The occurrence of relapse in acute myeloid leukaemia (AML) is attributed to the persistence of leukaemic stem cells (LSCs), which possess self-renewal and proliferative ability. Current efforts have been done on developing therapeutic strategies targeting LSCs. Recently, microRNAs (miRNAs), a class of small noncoding RNAs, have been implicated in regulation of cancer stem cells (CSCs). Several studies have shown that depletion of miRNAs leads to cancer and miRNA overexpression represents a promising strategy for cancer treatment. Our data show that miR-101a is supressed in Mixed-Lineage Leukaemia (MLL)-mediated AML stem cells and its forced expression impairs LSC functions via reversing the epigenetic landscape and inhibiting pro-survival pathways, leading to apoptotic cell death.
We performed miRNA microarray analysis of MLL pre-leukemic stem cells (pre-LSCs) compared to control and identified a novel tumour suppressor, miR-101a, that is downregulated in pre-LSCs. qPCR confirmed that miR-101a is suppressed in LSCs compared to normal haematopoietic stem cells. Overexpression of miR-101a in pre-LSCs confers a growth disadvantage in vitro as we have observed 60-70% decrease in colony forming ability of miR-101a. In vivo studies of AML development is ongoing. The marked reduction in cell and colony number of miR-101a overexpressed cells is largely attributed to significant increase in apoptosis and decrease in expression of pro-survival proteins (i.e. Mcl-1 and Bcl-2). Strikingly, our result revealed a significant reduction in Ezh2, a crucial epigenetic regulator in maintenance of MLL AML and a known target of miR-101a. This finding is also accompanied by a global decrease of histone H3K27Me3 mark, implicating that miR-101a may contribute to leukaemogenesis via regulating epigenetic pathways in LSCs.

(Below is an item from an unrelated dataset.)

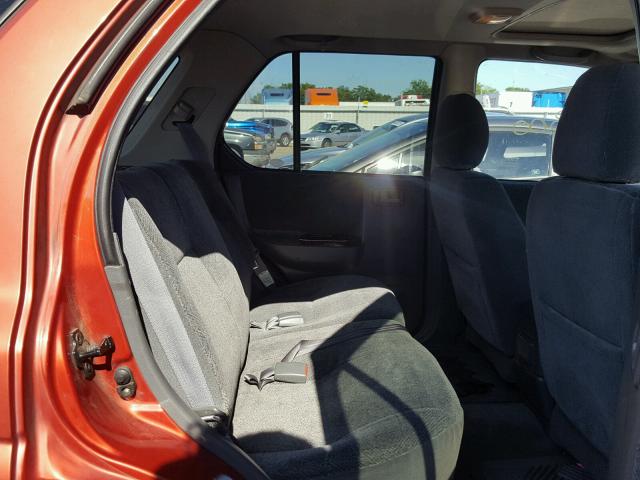 4S6CK58W8Y4409139 - 2000 HONDA PASSPORT E RED photo 6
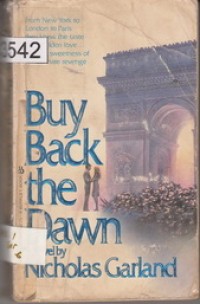 Image of Buy Back the Dawn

In summary, our preliminary results suggest that suppression of miR-101a contributes to aberrant epigenetic landscape and activates pro-survival pathways resulting in aggressive AML. Forced expression of miR-101a potentially eliminates leukemia-associated epigenetic marks and thus reverses the epigenetic process that originally altered gene expression in LSCs. This may provide a means to eradicate drug-resistant LSCs.